Após realizar uma de suas apresentações na Praça Tiradentes, localizada no centro do Rio de Janeiro, João Francisco dos Santos, aos 28 anos, ao chegar na rua de sua casa, decide parar em um boteco ao lado do sobrado onde morava. “Minha pessoa estava feliz demais naquela noite e por isso realmente eu devia ter desconfiado.”, disse João ao jornalista Sylvan Paezzo.
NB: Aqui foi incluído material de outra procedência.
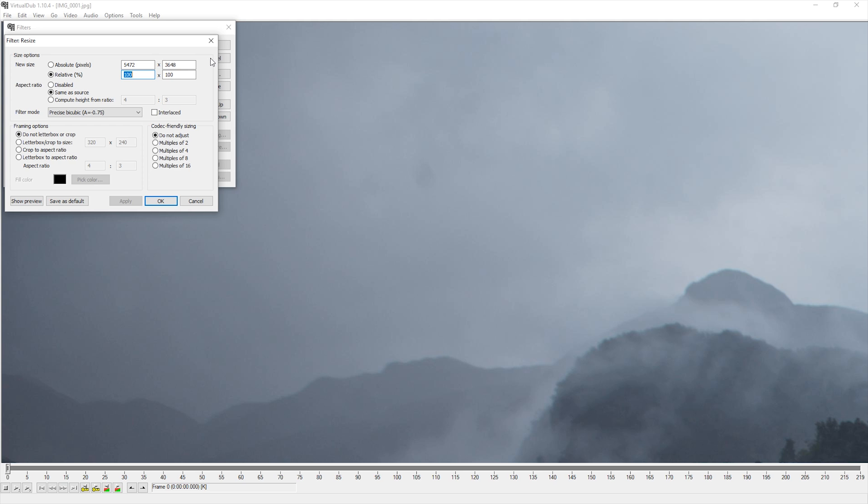Resolution defines the number of individual dots an image is made up of. The most common resolution, HD, has a size of 1920x1080 pixels.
Ao ouvir insultos e levar um golpe de um policial, João seguiu em silêncio, foi a sua casa sem ao menos fazer sua refeição. Com a ferida já sem sangrar, seu rosto machucado e com as lágrimas já cessadas, voltou para o botequim, desta vez com um revólver e apertou o gatilho. Ao chão se encontrava o policial, sangrando, e sem vida. 

“Deus fez a bala matar, eu só dei o tiro”. João Francisco dos Santos, já conhecido como Madame Satã, foi condenado a 16 anos de prisão, e cumpriu  apenas dois. Por júri popular, foi absolvido pelo reconhecimento de legítima defesa.

Auto-apelidado como “defensor dos injustiçados”, Madame Satã sobreviveu em um período onde ser negro, pobre e gay não era o melhor dos cenários, muito pelo contrário, grande parte da população LGBTQIA+ era fortemente perseguida pela polícia e – em muitos casos – sendo presos por atentado ao pudor. Nesse contexto, João vivia abertamente como um homem gay.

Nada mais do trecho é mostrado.